The more flexible approach to this is to add a sign checking program
that will be invoked and executed by the kernel during loader prog
loading and during map create. Both approaches can co-exist too.
And in both approaches signature checking steps are not in
test_run cmd user context.
All these future steps are up for discussion of course.

3. fixed part of skeleton
The skeleton is not cast in stone.
Quite the opposite.
It will change as loader prog will support more features.
The bpf_load_and_run() helper may change as well.
That's why it's in skel_internal.h and not part of libbpf api.
Essentially all C code in skel_internal.h are internal to lskel.
They are just as good as being auto-generated by bpftool
during light skeleton creation.
The bpftool could have emitted skel_internal.h just as well.
But it's kinda ugly to let it emit the whole .h file that could be
shared by multiple light skels.
Since it's a .h file it's not a static or shared library. It's not a .c file.
It's guaranteed to be compiled into whatever app that is using light skel.
So there are no backward compat concerns when skel_internal.h
will inevitably change in next revs of lskel.
Same thing with struct bpf_map/prog_desc. They are part of skel_internal.h
and match to what loader prog and lskel gen are doing.
Not only their layout will change, but depending on bpftool
cmdline flags that generated lskel might use different bpf_map_desc.
For example when lskel user needs more or less debuggability from the
loader prog the generated bpf prog will be different and will use
different contract between loader prog and auto-generated light skel .h

Does it answer your questions?

Daniel Borkmann May 18, 2021, 11:04 p.m.
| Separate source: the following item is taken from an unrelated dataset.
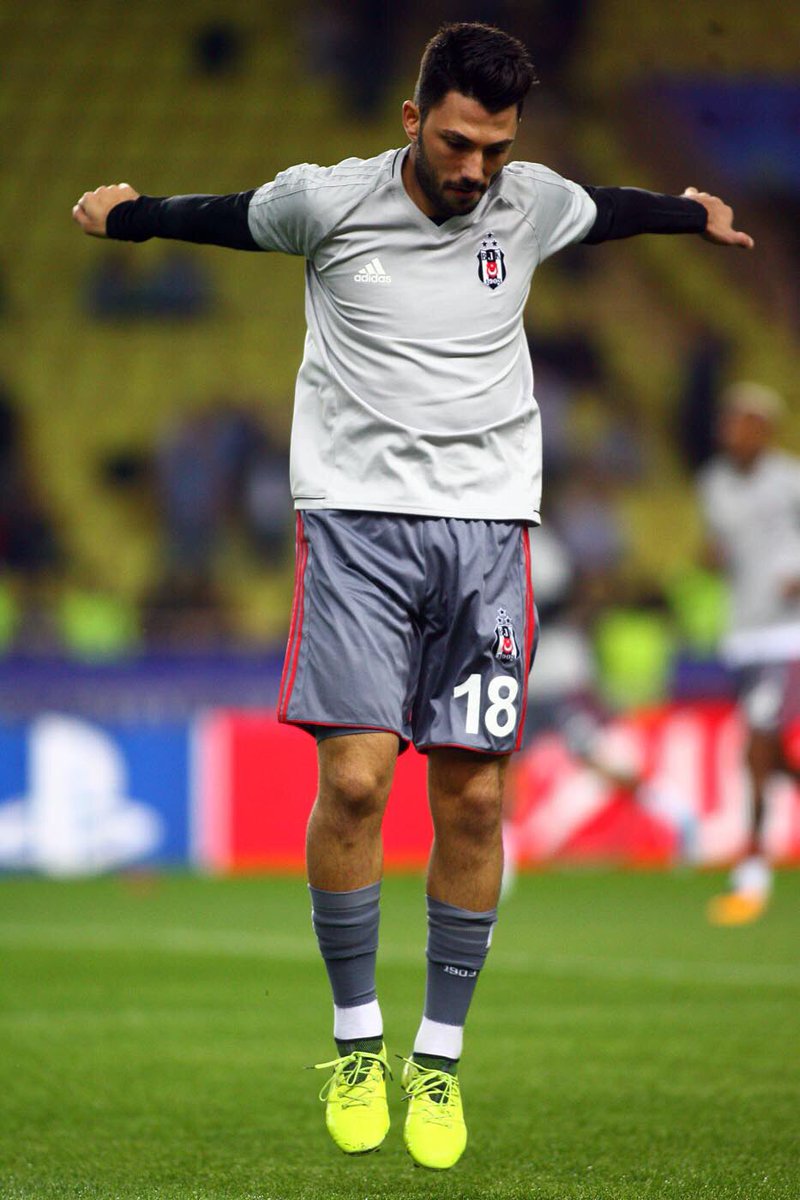 Besiktas's tweet photo. Haydi Beşiktaşım güldür yüzümüzü #Beşiktaş #UCL 💪 https://t.co/dr4ubBOs4z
UTC | #4

On 5/18/21 11:17 PM, Alexei Starovoitov wrote:
> On Tue, May 18, 2021 at 12:54 PM Daniel Borkmann <daniel@iogearbox.net> wrote:
>> On 5/14/21 2:36 AM, Alexei Starovoitov wrote:
>> [...]
>>> This is a first step towards signed bpf programs and the third approach of that kind.
>>> The first approach was to bring libbpf into the kernel as a user-mode-driver.
>>> The second approach was to invent a new file format and let kernel execute
>>> that format as a sequence of syscalls that create maps and load programs.
>>> This third approach is using new type of bpf program instead of inventing file format.
>>> 1st and 2nd approaches had too many downsides comparing to this 3rd and were discarded
>>> after months of work.
>>>
>>> To make it work the following new concepts are introduced:
>>> 1. syscall bpf program type
>>> A kind of bpf program that can do sys_bpf and sys_close syscalls.
>>> It can only execute in user context.
>>>
>>> 2. FD array or FD index.
>>> Traditionally BPF instructions are patched with FDs.
>>> What it means that maps has to be created first and then instructions modified
>>> which breaks signature verification if the program is signed.
>>> Instead of patching each instruction with FD patch it with an index into array of FDs.
>>> That makes the program signature stable if it uses maps.
>>>
>>> 3. loader program that is generated as "strace of libbpf".
>>> When libbpf is loading bpf_file.o it does a bunch of sys_bpf() syscalls to
>>> load BTF, create maps, populate maps and finally load programs.
>>> Instead of actually doing the syscalls generate a trace of what libbpf
>>> would have done and represent it as the "loader program".
>>> The "loader program" consists of single map and single bpf program that
>>> does those syscalls.
>>> Executing such "loader program" via bpf_prog_test_run() command will
>>> replay the sequence of syscalls that libbpf would have done which will result
>>> the same maps created and programs loaded as specified in the elf file.
>>> The "loader program" removes libelf and majority of libbpf dependency from
>>> program loading process.
>>
>> More of a general question since afaik from prior discussion it didn't came up.
>> I think conceptually, it's rather weird to only being able to execute the loader
>> program which is later also supposed to do signing through the BPF_PROG_TEST_RUN
>> aka our _testing_ infrastructure. Given it's not mentioned in future steps, is
>> there anything planned before it becomes uapi and fixed part of skeleton (in
>> particular the libbpf bpf_load_and_run() helper officially calling into the
>> skel_sys_bpf(BPF_PROG_TEST_RUN, &attr, sizeof(attr))) on this regard or is the
>> BPF_PROG_TEST_RUN really supposed to be the /main/ interface going forward;
>> what's the plan on this?
> 
> Few things here:
> 1. using TEST_RUN command beyond testing.
> That ship already sailed. The perf using this command to trigger
> prog execution not in a testing environment. See bperf_trigger_reading().
> In the past we agreed not to rename commands whose purpose
> doesn't strictly fit the name any more. Like RAW_TP_OPEN does a lot more
> than just attaching raw_tracepoints.
> TEST_RUN command is also no longer for testing only.
> That's one of the reasons why bpf_load_and_run() helper is
> called such instead of bpf_load_and_test_run().
> It's running the program and not testing it.
> The kernel cmd is unfortunately misnamed.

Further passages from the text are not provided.